This was an appeal by the North British Railway Company against the valuation for the year ending Whitsunday 1888, of their lands and heritages, made by the Assessor of Railways and Canals.
The appellant stated that the assessor had “erroneously dealt with the plant, tools, &c., of the value of £28,703 as per list and valuation produced. He has erroneously treated these as lands and heritages, and as adding to the gross value of the appellants' lands and heritages, and he has wrongly failed to deduct 25 per cent. of said value of £28,703 before fixing the yearly cumulo rent or value of the said lands and heritages, and he has wrongly added 5 per cent on said £28,703 in ascertaining the values of the lands and heritages belonging to the appellants in said parishes.… None of the said plant, tools, &c., are heritable, or lands and heritages in the sense of said Act, or fixed or attached to lands and heritages. They are all moveable.”
A remit was made to Mr James Clinkskill, machinery valuator, Glasgow, to report as to the nature and description of the plant and tools in question, which were in the appellants' workshops at Cowlairs. Proof was also led. The description of the plant and tools appears from the note of the Lord Ordinary infra.

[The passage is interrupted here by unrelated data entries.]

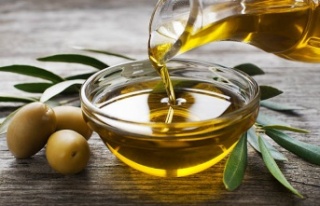 BAHÇEDEN SOFRALARA ZEYTİNYAĞI YOLCULUĞU BAŞLADI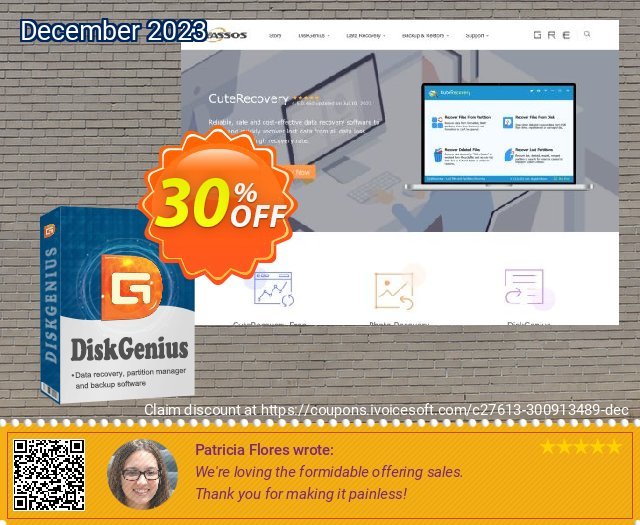 DiskGenius Standard Edition (Family License) spitze Preisnachlass Bildschirmfoto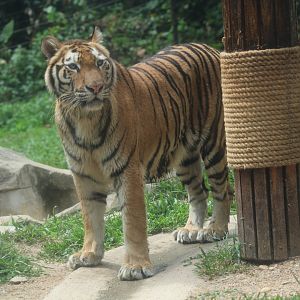 Tiger (Panthera tigris)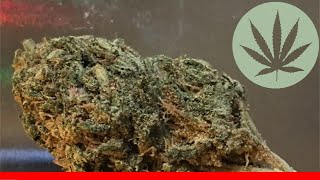 Game Changer All About This Strain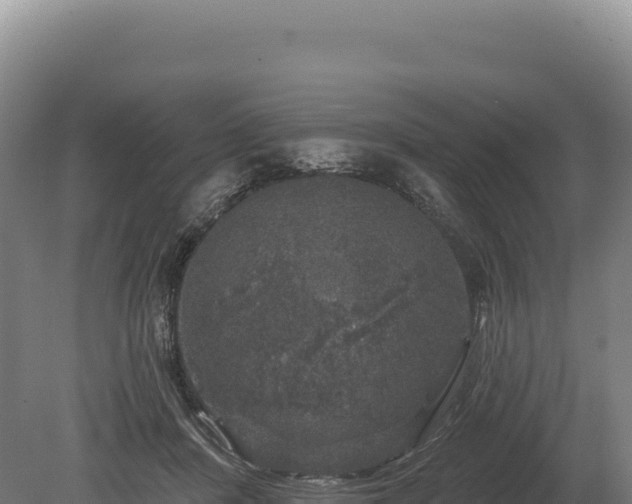 X0000080150408200612151835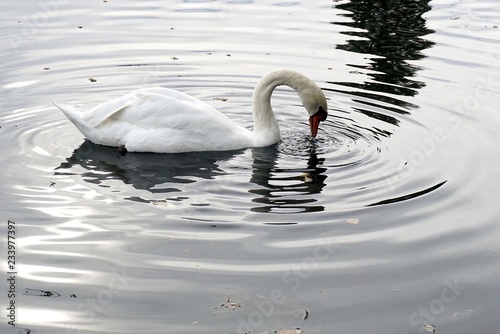 Swans swimming and preening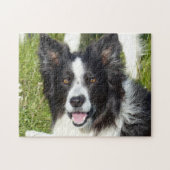 Zwart-witte rand collie legpuzzel (Horizontaal)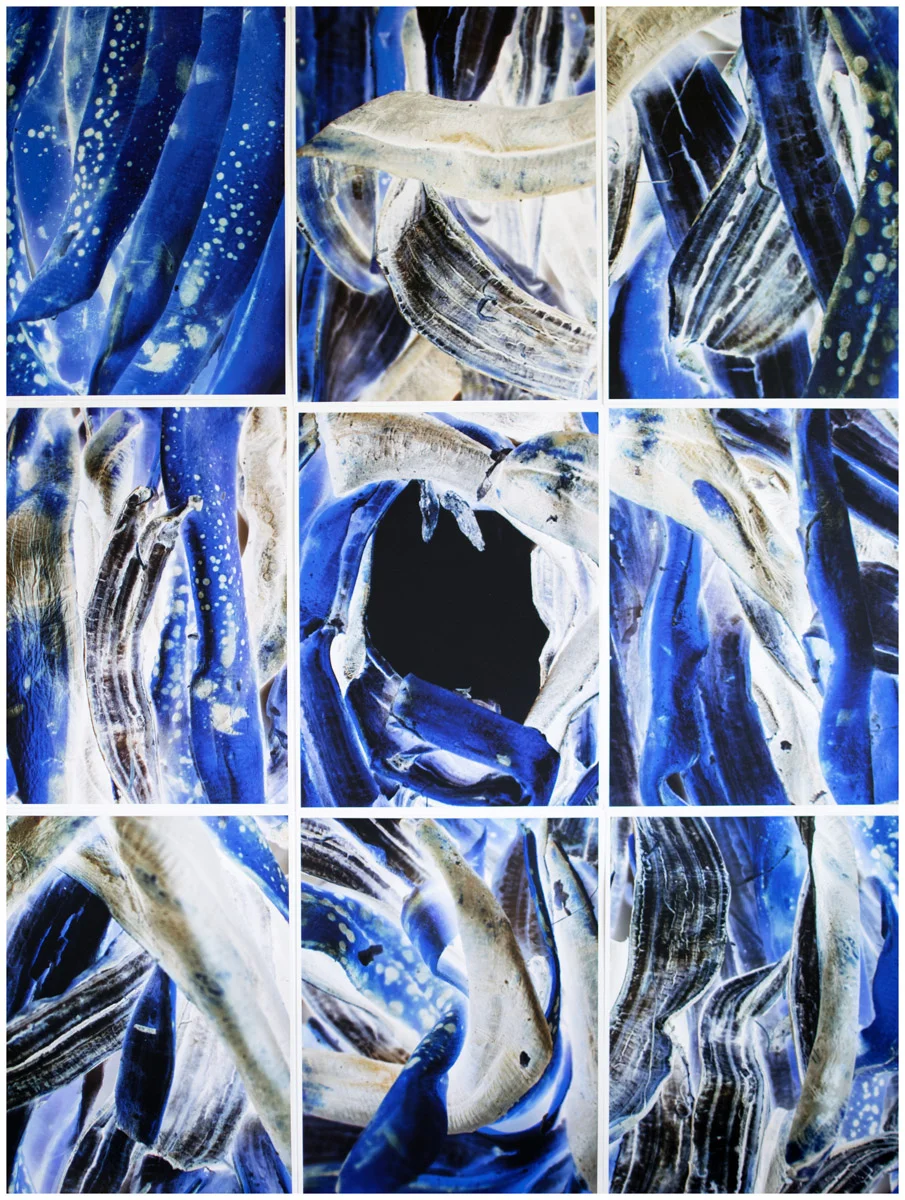  Untitled, 2015  Nine images, each approx. 16x20 in.,&nbsp;total dimension approx. 43 x 66 in. mounted on gessoed panel. 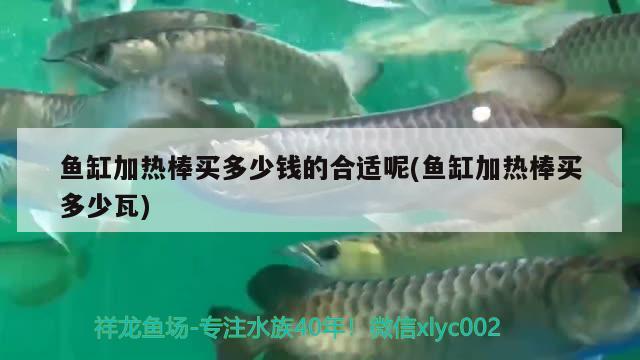 魚缸加熱棒買多少錢的合適呢(魚缸加熱棒買多少瓦) 過背金龍魚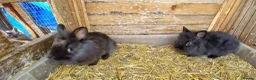 Lionhead rabbits for sale: Cute fluffy friendly lionhead babies-3boys 2girls  - Advert 10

The appellants argued—The assessor had departed for the first time from the ordinary practice, and that on account of two English decisions— Laing v. Bishopwearmouth, 3 QBD 299; and Tyne Boiler Works Company v. Overseers of Longbenton, 17 Q.B.D. 651, affd. 18 Q. B. D. 81. Those cases however dealt with an English statute, and the construction of the word “hereditament.” They were of no value in construing the Scottish Act by which it was provided (sec. 42) that lands and heritages should include “machinery fixed or attached to lands and heritages.” The criterion was that which applied in questions between landlord and tenant, viz., physical attachment— Thomson v. Assessor for Renfrewshire, Jan. 25, 1883, 10 R. 500; Chidley v. The Churchwardens of West Ham, 32 L.T. 486; Nisbet, &c. v. Mitchell Innes, Feb. 20, 1880, 7 R. 575; Syme v. Harvey, Dec. 14. 1861, 24 D. 202; Brand's Trustees v. Brand's Trustees, Dec. 19, 1874, 2 R. 258, revd. March 16, 1876, 3 R. (H.L.) 16; Ferguson, &c. v. Paul, July 4,1885, 12 R. 1222.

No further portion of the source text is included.